Yes it's true. These were only used on exercise bikes.


----------



## JAF/CO (May 14, 2014)

so if you are riding your bike for exercise put that badge on it


----------



## slick (May 14, 2014)

I personally have never seen one on a bicycle, and you won't be able to put one on a girls or boys bike fender, on a fork tube yes, fender no. The fender is curved left to right as well as front to back. Try setting that badge on the fender and you will see what I mean. It has the wrong contour to do that and the sides will kink if you try to bend it. Sorry for the disappointment.  Been there,  tried it already.


----------



## Freqman1 (May 14, 2014)

slick said:


> I personally have never seen one on a bicycle, and you won't be able to put one on a girls or boys bike fender, on a fork tube yes, fender no.
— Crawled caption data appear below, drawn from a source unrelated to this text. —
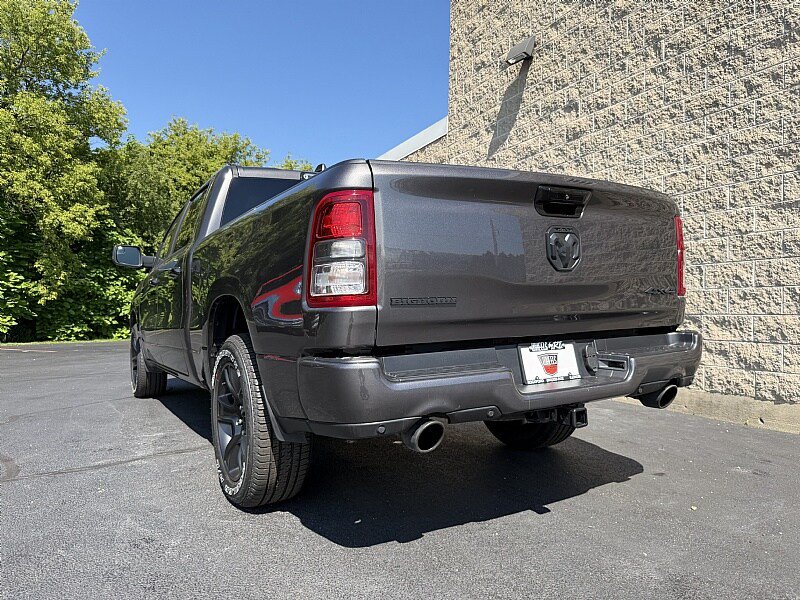 Used 2023 RAM 1500 Big Horn AWD/4WD image 6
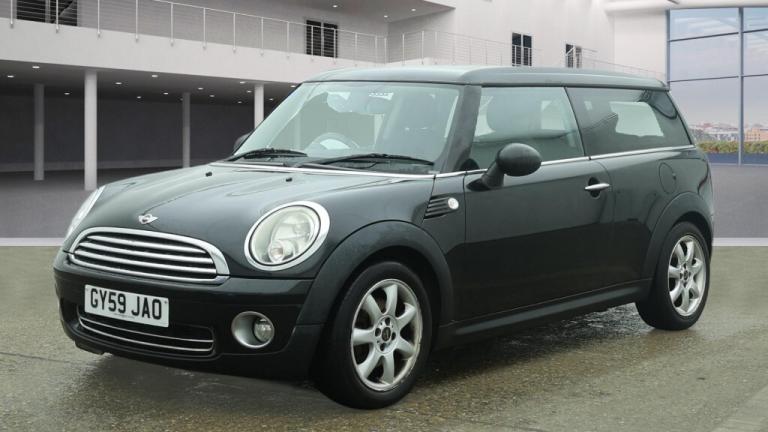 2009 MINI Clubman 1.4 One 5dr ESTATE PETROL Manual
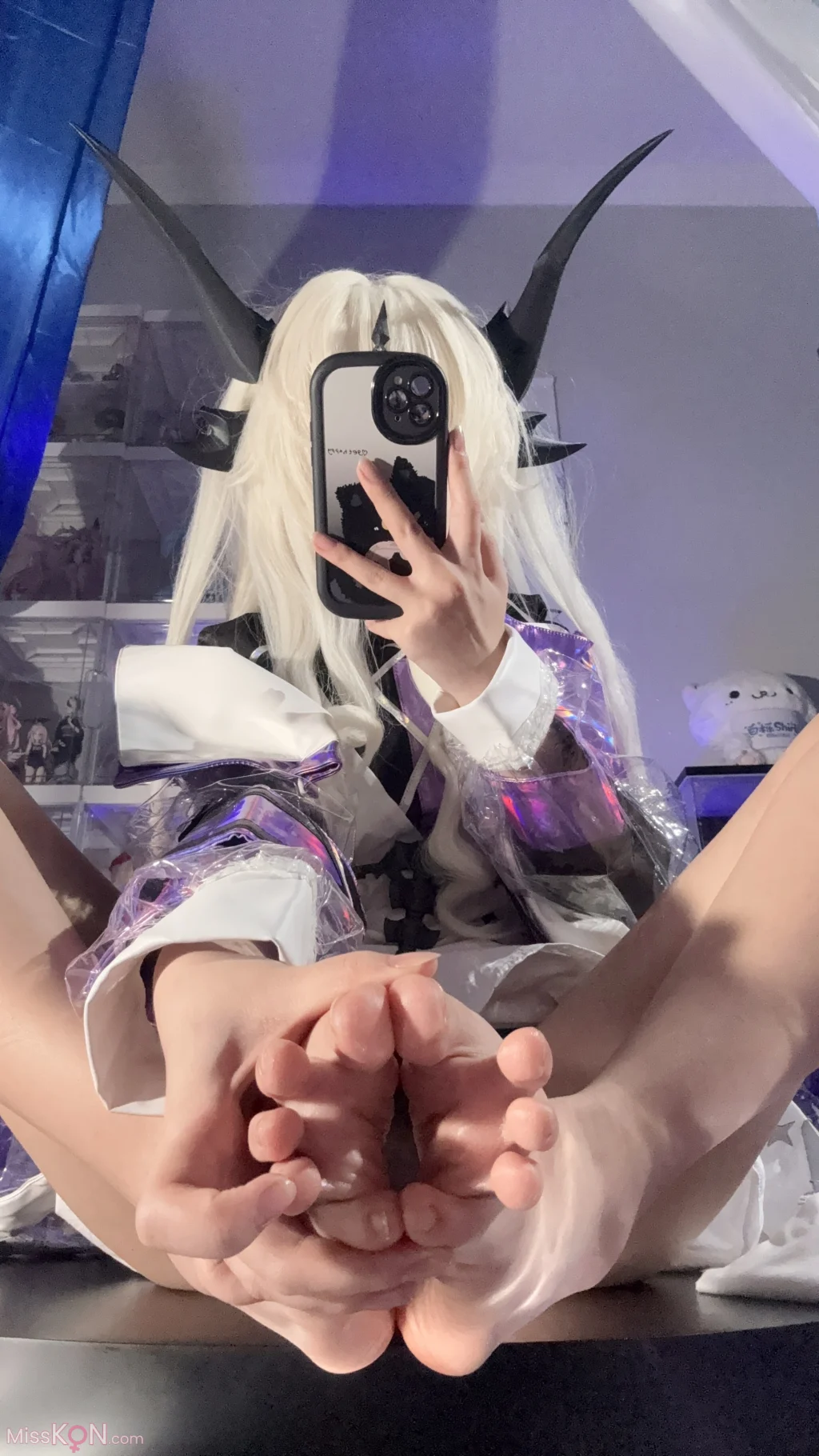 Coser@白栎Shirly: 死芒 (148 photos + 25 videos) – Page 2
The fender is curved left to right as well as front to back. Try setting that badge on the fender and you will see what I mean. It has the wrong contour to do that and the sides will kink if you try to bend it. Sorry for the disappointment.  Been there,  tried it already.




No disappointment Chris--I think its a cool badge regardless. I only paid $25 for it and I wound up buying an Arrow anyway. BTW mine lays down just fine on a Speedline fender without kinking. V/r Shawn


----------



## cyclingday (May 14, 2014)

One of the guys just picked up one of those excercycles at the Rose Bowl swap meet this past weekend, and that was the badge it had on it.
 It also came with a nice set of Torrington 10s.
 I'm sure those Shelby excercycles are getting hard to find with their badge and pedals still intact.


----------



## scrubbinrims (May 14, 2014)

I have never seen a Shelby exercise bicycle, anybody know if the badge mounted to the fender or head tube?
Chris


----------



## cyclingday (May 15, 2014)

scrubbinrims said:


> I have never seen a Shelby exercise bicycle, anybody know if the badge mounted to the fender or head tube?
> Chris




By the shape of it, I looks like it mounted to the head tube.
I asked the buyer of the Rose Bowl bike, if he could post a picture of it, so that we could see what a Shelby excersise bike looks like, and where the head badge is mounted.
Hopefully, he will.


----------



## Lawrence Ruskin (May 15, 2014)

Kool deco badge either way...


----------



## dfa242 (May 15, 2014)

There was a Shelby Beauty bike at the 2013 Copake swap but all I got was a photo of the badge (on the head).


----------



## Bri-In-RI (May 15, 2014)

scrubbinrims said:


> I have never seen a Shelby exercise bicycle, anybody know if the badge mounted to the fender or head tube?
> Chris





The exerciser that Dean posted the head badge pic of was also at Monson 2013


----------



## Screwtape (May 15, 2014)

If ever I've seen a cool exercycle, this is it.


----------



## scrubbinrims (May 15, 2014)

Bri-In-RI said:


> The exerciser that Dean posted the head badge pic of was also at Monson 2013




Ughhh, I have to turn away...like watching the stock market crash.
My wife tells me not to invest my savings into old bicycle headbadges, but did I listen?
Noooo.
Chris


----------